До тех пор пока в этот процесс вовлечено небольшое количество игроков, ситуация остается управляемой. Отчасти этому способствует то, что люди в основной своей массе плохо осведомлены о том, как работает финансовый рынок и какие инвестиционные возможности существуют. Поэтому они пользуются более понятными им банковскими услугами. Однако рост денежных доходов населения и разворачивающаяся кампания по финансовому ликбезу могут привести к тому, что инвестирование на фондовом рынке станет привлекательным для более широкого круга инвесторов. Поскольку долгосрочные вложения пока редки, а уровень доверия к посредникам невысок, то массовое инвестирование в случае благоприятных трендов на фондовом рынке будет краткосрочным, самостоятельным и ориентированным на получение высокой доходности.

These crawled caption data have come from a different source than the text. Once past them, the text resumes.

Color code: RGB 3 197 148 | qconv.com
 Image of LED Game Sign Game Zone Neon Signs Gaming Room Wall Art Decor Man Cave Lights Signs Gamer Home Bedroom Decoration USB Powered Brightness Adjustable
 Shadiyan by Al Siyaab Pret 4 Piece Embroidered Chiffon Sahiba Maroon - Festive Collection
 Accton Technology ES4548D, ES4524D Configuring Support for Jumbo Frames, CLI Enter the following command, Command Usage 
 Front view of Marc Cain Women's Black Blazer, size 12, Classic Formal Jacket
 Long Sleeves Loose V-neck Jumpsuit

Так как средняя доходность, на которую ориентируются рыночные игроки, складывается из отдельных результатов в периоды роста и падения курсовой стоимости, важно правильно определить момент, когда следует покупать и продавать ценные бумаги. А как раз это неопытный игрок обычно сделать не в состоянии, так как склонен покупать, когда акции стоят дорого, и продавать, когда они дешевеют. Поэтому на волатильном рынке неудачи самостоятельных инвестиций будут сдерживать рост численности игроков. В дальнейшем произойдет либо профессионализация, приобретение опыта и знаний, которые позволят не совершать распространенные ошибки, либо, что более вероятно для массового инвестора, передача средств в доверительное управление на более длительное время, что позволит непрофессионалу в конечном счете получить большую, по сравнению с банковским процентом, отдачу. Однако для реализации второго варианта необходимо, чтобы у людей появилось доверие к финансовому рынку как институту, не подверженному манипулированию со стороны отдельных игроков, и увеличился горизонт планирования, а вот этого «поворота» пока не выявлено.